10.   The crisis in health and social care.

11.   Pay up Now! – real pay rises for all public service workers.

12.   Tackling Xenophobia and the far right. An NEC member made a good point about the rise of racism and xenophobia being linked to ongoing austerity. The motion included organising opposition to Trump and any potential visit by Trump to Britain also to encourage branches affiliating and continuing to work with Hope not hate, Show Racism the Red Card and Stand up to Racism;

There was an update on the work done as a result of the (anti) Trade Union Act. New application forms to comply with the Act would be circulated with the current ones all needing to be destroyed then. I asked a question about this – we needed to make a compelling case for members to opt into the political funds, face to face conversations would be important and these changes had to be in place by 1st March - did we have examples of what the new membership forms and online forms would look like? It was stated that a lot of work had gone on on systems, training staff, new forms would be dispatched to branches soon. Dave Prentis, General Secretary stated that we had made it clear to the Labour Party we wanted the Trade Union Act repealed when a Labour government was elected.
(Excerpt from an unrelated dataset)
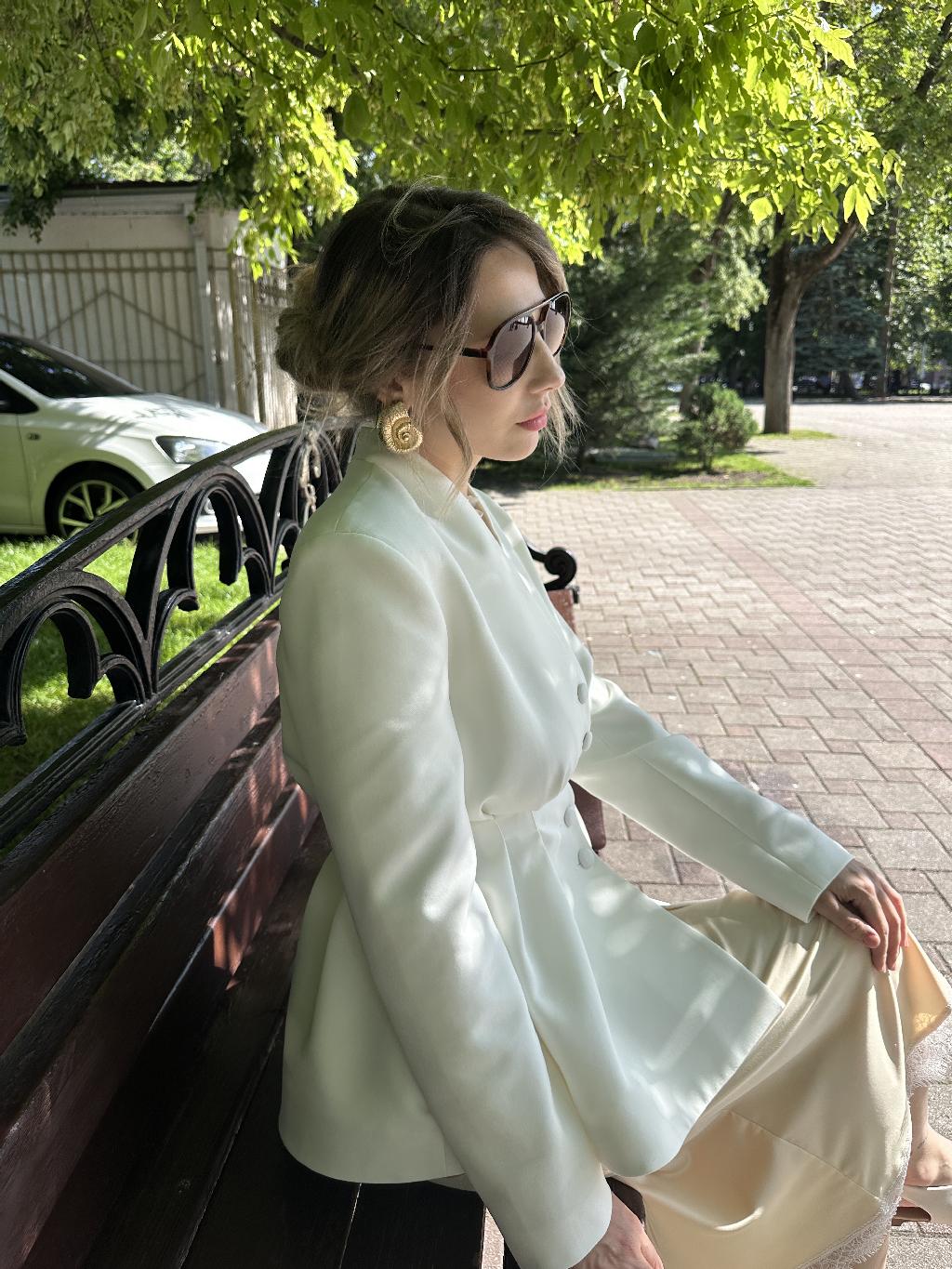 Все больше и больше нравится выражать себя женственными образами. Надо хвалить мой пучок - такого, я полагаю, больше никогда не получится 😂 

Жакет Kira Plastinina
Юбка Crate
Paul Holmes, NEC member for Local Government stated that between 1997 and 2010 the Labour government had not repealed one piece of the previous Tory anti-Trade Union legislation. We should not forget this. Tony Blair’s biggest disappointment was not breaking the link between the Labour Party and the Trade Unions. It was a sign of how healthy the relationship now was between the Labour Party and unions that when Dave said they should repeal the act we expected a Labour government to do so.
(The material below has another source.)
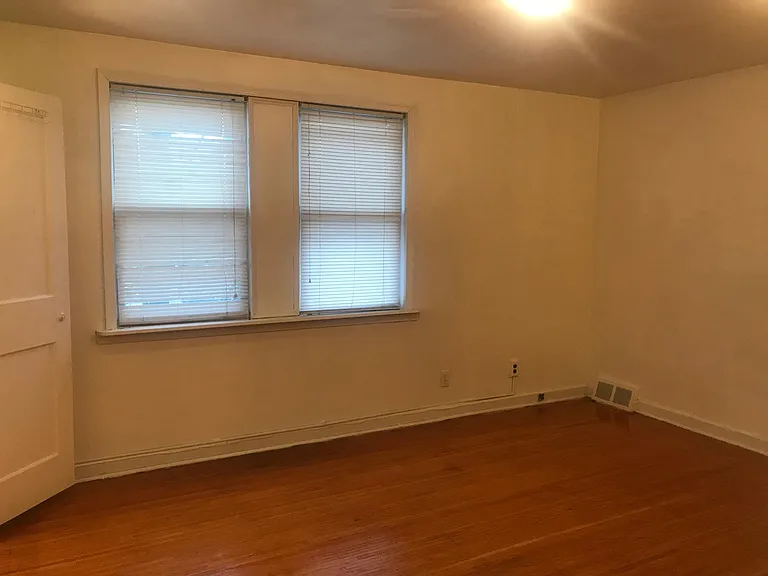 6344 Sylvester St — Photo 5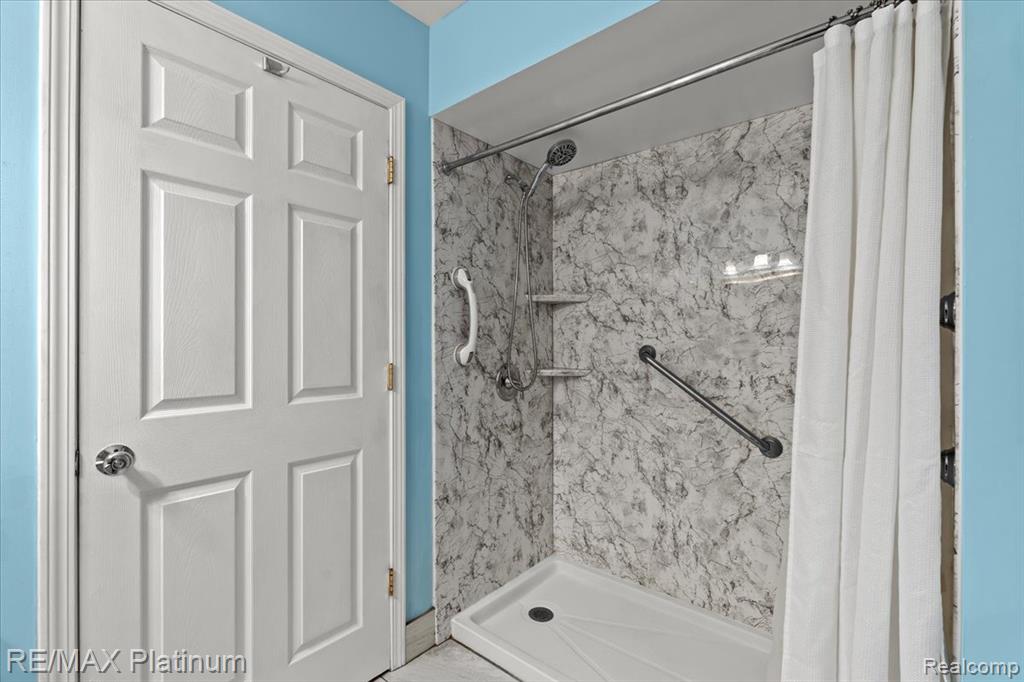 62180 Arlington Circle, 5, South Lyon, MI 48178 — Photo 20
Proposed rule changes – A rule amendment was agreed that allowed the NEC to revoke honorary life membership from individuals where a Rule I disciplinary process was not feasible or practical. There was a lengthy debate over a rule change that would exclude branch employed staff from participating as UNISON activists. It was stated this was bringing branch employed staff and national employed staff under the same rule and was translating what was already in the Code of Good Branch practice into the Rule book. A number of NEC members said we were not in a situation like 20 years ago the union was now fragmented with branches covering a number of different employers a member could for example work half time as a Local Government convenor employed by the council and be an activist but also the other employed half time as an organiser in the voluntary sector by the branch. The model didn’t fit with what branches are doing now. We should look at the full extent of the problem first before trying to solve it. In reply it was stated individuals should be an employee of UNISON or a lay member either the one or the other but not both. The proposed rule amendment was agreed by the NEC. There was a further rule amendment proposed that meant the same individual could not be both Branch Chair and Branch Secretary (i.e. strategic posts). Also a proposed rule change that Branch officers could not be employed in a branch – in line with the Code of Good Branch practice.
Finance update – a report was given by a member of Finance NEC subcommittee. Steve North, NEC member North West Region asked in relation to Financial challenges facing the union – had there been a decision that branches would not get any more money till April 2018 and if so why? Motion 121 in 2016 and Motion 103 in 2017 reaffirming M121 how was this squared with those conference decisions? The motion passed last year supported branches right to further funding providing activity-based budgets had been agreed in conjunction with the Regional organiser. There was a lack of certainty for branches. It was stated that it is understood we were compliant with what was passed at last years conference. The Director of Finance stated it might not be the case we would have a £1 million surplus as was previously thought, expenditure was coming through and maybe for the first time we would be in a deficit position. Another NEC member said to have £1 million reserves was not a bad position.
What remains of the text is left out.